[What is needed] Nothing but the text should be carried over: reproduce all the data exactly and leave out every image.

[Supplied information]
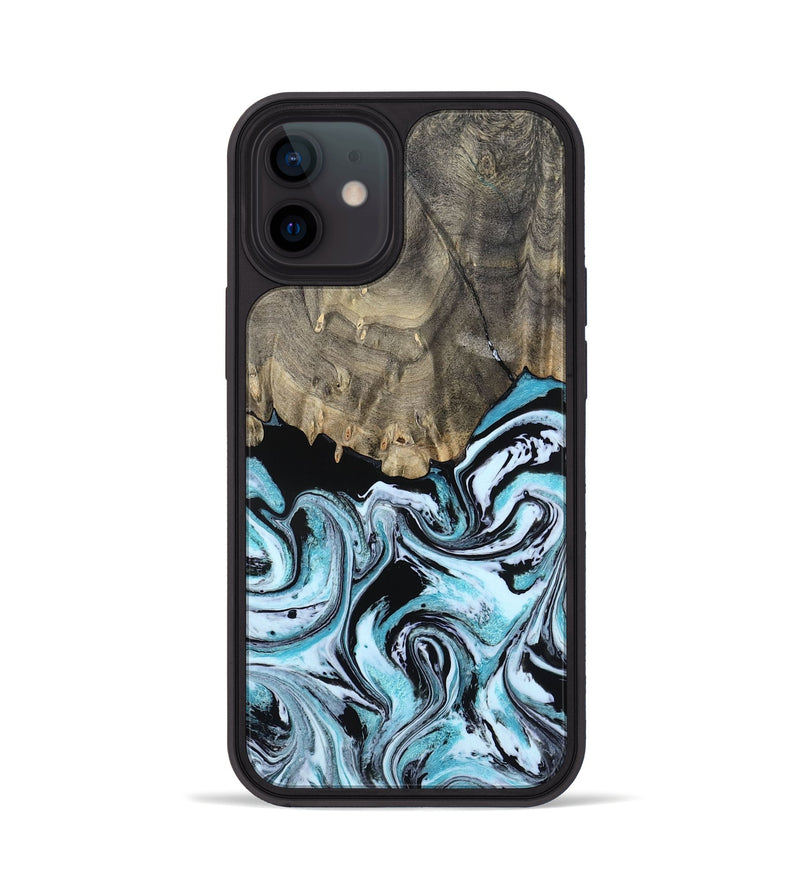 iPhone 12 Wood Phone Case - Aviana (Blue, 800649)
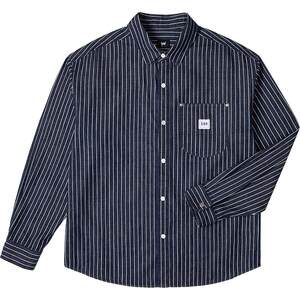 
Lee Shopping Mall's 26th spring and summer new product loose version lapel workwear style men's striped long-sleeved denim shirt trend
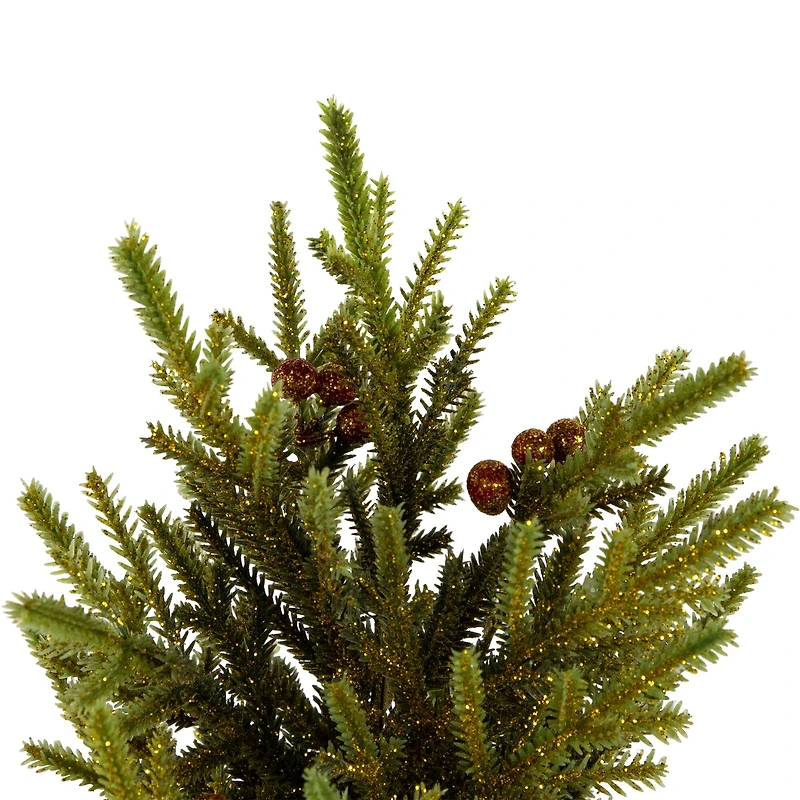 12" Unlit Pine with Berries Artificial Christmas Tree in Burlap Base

[Response area]
 iPhone 12 Wood Phone Case - Aviana (Blue, 800649)
Lee Shopping Mall's 26th spring and summer new product loose version lapel workwear style men's striped long-sleeved denim shirt trend
 12" Unlit Pine with Berries Artificial Christmas Tree in Burlap Base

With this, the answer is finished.